::: THE DATA :::
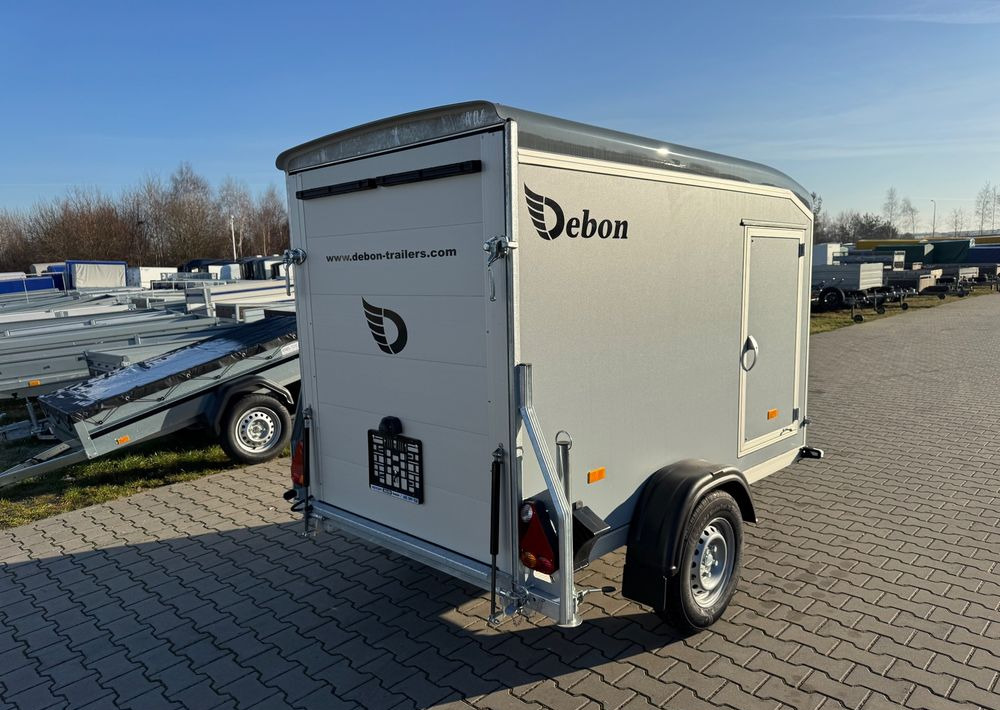 Debon C255 PPL | drzwi boczne / 255 x 125 cm / 1300kg DMC - Closed box trailer: picture 4 Debon C255 PPL | drzwi boczne / 255 x 125 cm / 1300kg DMC - Closed box trailer: picture 4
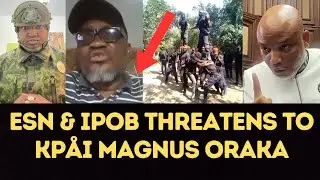 IPOB & Eastern Security Network (ESN) Threatens ORAKA Because Of Biafra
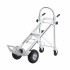 Carucior marfa 4 in 1, Capacitate max 454 kg, Greutate 18.3 Kg, Pliabil, Aluminiu [8]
:::
• ACTIVITY: Drop the images; restate the listing exactly.

• ANSWER:
 Debon C255 PPL | drzwi boczne / 255 x 125 cm / 1300kg DMC - Closed box trailer: picture 4 Debon C255 PPL | drzwi boczne / 255 x 125 cm / 1300kg DMC - Closed box trailer: picture 4
 IPOB & Eastern Security Network (ESN) Threatens ORAKA Because Of Biafra
 Carucior marfa 4 in 1, Capacitate max 454 kg, Greutate 18.3 Kg, Pliabil, Aluminiu [8]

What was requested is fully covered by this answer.